The idiom "jumping the shark" is pejorative and is used to argue that a creative work or outlet appears to be making a stunt in a seemingly exhaustive attempt to generate elevated attention or publicity to something that was once perceived as popular, but is no longer. The phrase was coined in 1985 by Jon Hein in response to a 1977 episode from the fifth season of the American sitcom Happy Days, in which Fonzie (Henry Winkler) jumps over a shark while on water-skis.

History

Origin 

Jon Hein and his University of Michigan roommate Sean Connolly coined the phrase in 1985 in response to season 5, episode 3, "Hollywood: Part 3" of the sitcom Happy Days,  which aired on September 20, 1977. In the episode, the central characters visit Los Angeles, where a water-skiing Fonzie (Henry Winkler) answers a challenge to his bravery by wearing swim trunks and his trademark leather jacket, and jumping over a confined shark. The stunt was created as a way to showcase Winkler's real-life waterskiing skills.

In 1997, Hein created a website, JumpTheShark.com, to publish a list of approximately 200 television shows, and his arguments as to the moments each "jumped the shark". The site became popular, and grew with additional user-contributed examples. Hein sold his company, Jump The Shark, Inc., for "over $1 million" in 2006.

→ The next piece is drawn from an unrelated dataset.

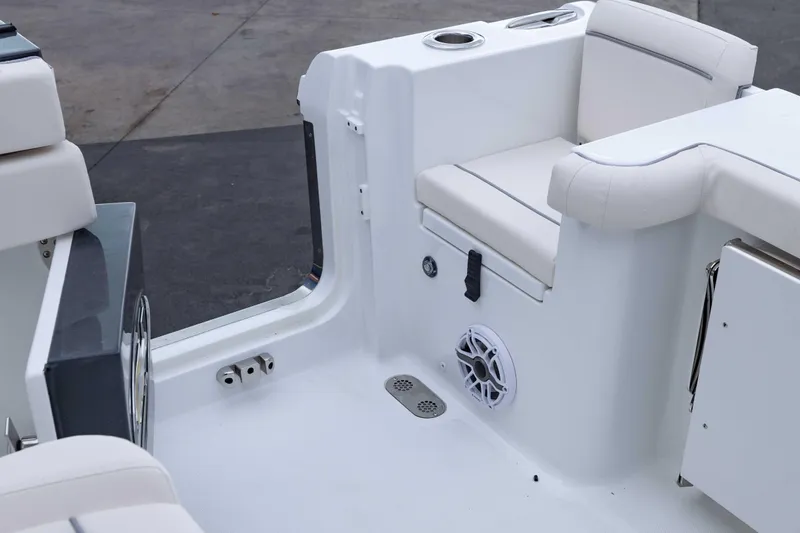Slide: The Image of 2026 Sea Hunt Gamefish 27 Coffin Box boat interior with seating and speaker. - 19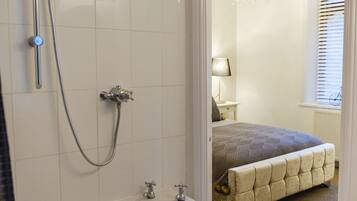 Luxury House, 1 Double Bed | Bathroom | Combined shower/bathtub, deep-soaking bathtub, hair dryer, towels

Response from Happy Days cast and crew

Ron Howard 

In 2006, during his contribution to The Interviews: An Oral History of Television, Ron Howard (Richie) talked about the Happy Days episode that inspired the phrase:"I remember Donny Most and I sitting there, looking at the script. Donny was really upset. He said, 'Oh man look at what our show has kind of devolved into. It's not even very funny, and you know Fonz is jumping over a shark'... and I kept saying 'Hey Donny we're a hit show, relax. You know it's hard to have great episodes one after another. Fonzie jumping over a shark it's gonna be funny, and great... I remember thinking that creatively this was not our greatest episode, but I thought it was a pretty good stunt, and I understood why they wanted to do it. And what I remember the most is, it was fun actually driving the speedboat which I did a bit of, noticing that Henry was really a pretty good water skier... But the thing that has to be remembered about the jumping the shark idea, is that the show went on to be such a massive success for years after that.  So,  it's kind of a fun expression, and I get a kick out of the fact that they identified that episode (because granted maybe it was pushing things a little too far), but I think a lot of good work was still done after that show, and audiences seemed to really respond to it."

Fred Fox, Jr 

In a 2010 Los Angeles Times article, former Happy Days writer Fred Fox, Jr., who wrote the episode that later spawned the phrase, said "Was the [shark jump] episode of Happy Days deserving of its fate? No, it wasn't. All successful shows eventually start to decline, but this was not Happy Days time." Fox also points not only to the success of that episode ("a huge hit" with over 30 million viewers), but also to the continued popularity of the series. In addition, that same season would later include the episode, "My Favorite Orkan", launching the career of the then-unknown actor, Robin Williams. He was consequently given his own spin-off, Mork & Mindy.

Henry Winkler 

In a 2019 interview with NPR, Henry Winkler (Fonzie) told Terry Gross that the origin of the stunt began with the fact that he had been a water-skiing instructor as a teenager at a summer camp. Thus, his father used to say to him "every day for years—tell Garry Marshall that you water ski. Dad, I don't think I'm going to do that. No, no. Tell him you water ski. It's very important. I finally tell Garry, my father wants you to know I water ski." Winkler did all of the water skiing for the scene himself, except for the actual jump. Gross then asked Winkler what it was "about that scene or that episode that came to signify when something's time is up—when it's over?" Winkler responded: "You know what? I don't know. To them, the Fonz water skiing was just like the last straw. The only thing is it wasn't to the audience because we were No. 1 for years after that. So it didn't much matter to anybody." In addition, he told TheWrap in 2018 that he is "not embarrassed" by the phrase. He stated that "newspapers would mention jumping the shark... and they would show a picture of me in my leather jacket and swim shorts water-skiing. And at that time I had great legs. So I thought, 'I don't care.' And we were No. 1 for the next four or five years." As his character Barry Zuckerkorn (in the sitcom Arrested Development) hopped over a shark in Episode 13 of the second season, Winkler also noted that there "was a book, there was a board game and it is an expression that is still used today... [and] I'm very proud that I am the only actor, maybe in the world, that has jumped the shark twice—once on Happy Days, and once on Arrested Development."

Broader usage 

The idiom has been used to describe a wide variety of situations, such as the state of advertising in the digital video recorder era, and views on rural education policy, the anomalous pursuit of a company acquisition, and the decline of republics into degraded democracy and empire.

Examples 

Automotive journalist Dan Neil used the expression to describe the Mini Countryman, a much larger evolution of the previously small cars marketed by Mini. In March 2011, in a review titled "What Part of 'Mini' Did You Not Grasp, BMW?" Neil said the bigger car abandoned the company's design ethos and that "with the Countryman, tiny sharks have been jumped".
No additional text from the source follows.